In the material below, find the span from the line with "Save The Date" to the line with "SINUMERIK live Drehfräsen" and transcribe only those lines, exactly, ends included, without the pictures.

> DATASET EXTRACT:
# # # # #

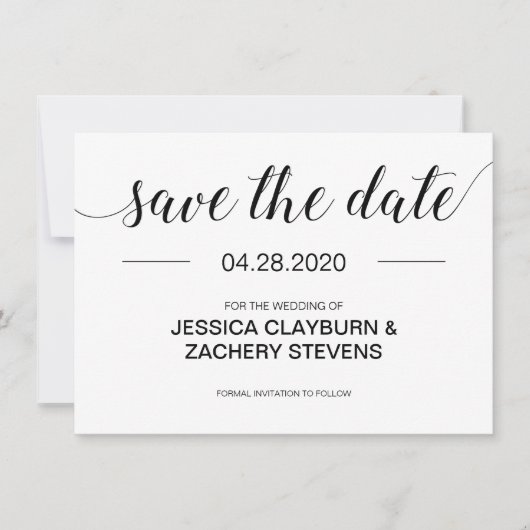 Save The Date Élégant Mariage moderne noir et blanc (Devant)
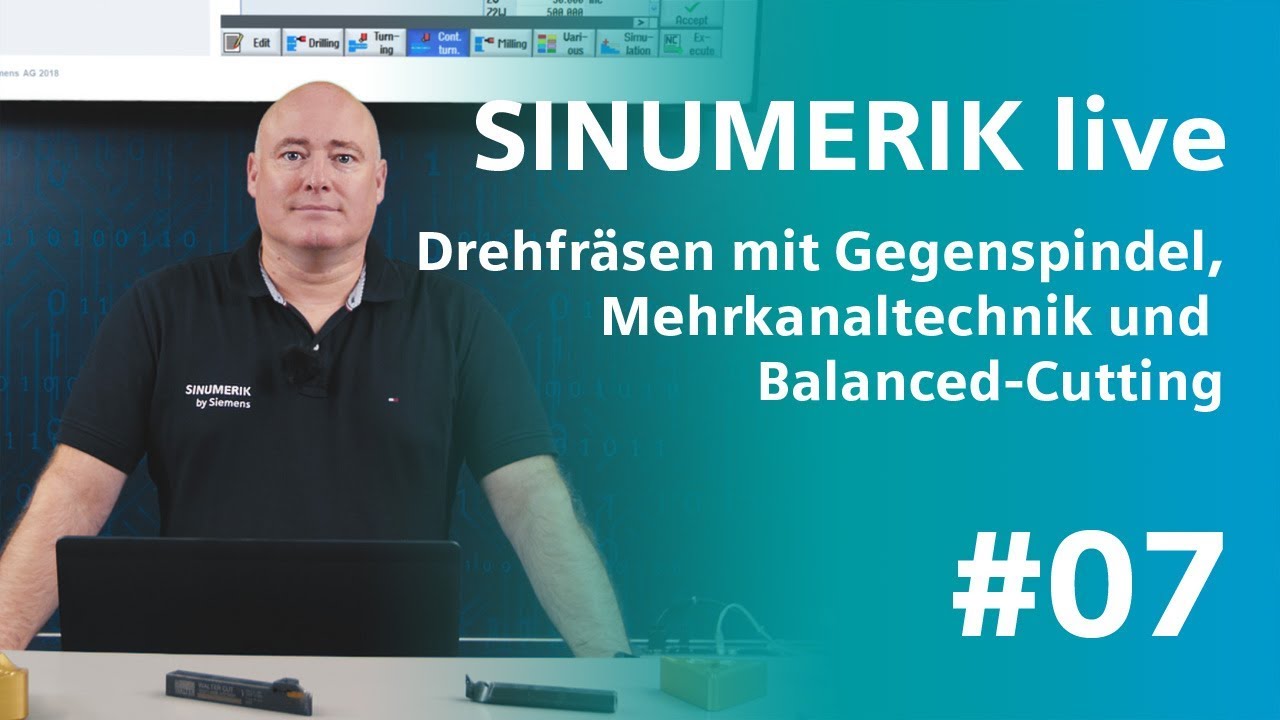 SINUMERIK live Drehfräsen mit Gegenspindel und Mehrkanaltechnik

# # # # #

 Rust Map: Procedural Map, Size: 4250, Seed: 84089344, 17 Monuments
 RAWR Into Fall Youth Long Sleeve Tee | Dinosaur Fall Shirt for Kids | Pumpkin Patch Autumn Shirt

# # # # #

> REPLY:
 Save The Date Élégant Mariage moderne noir et blanc (Devant)
 SINUMERIK live Drehfräsen mit Gegenspindel und Mehrkanaltechnik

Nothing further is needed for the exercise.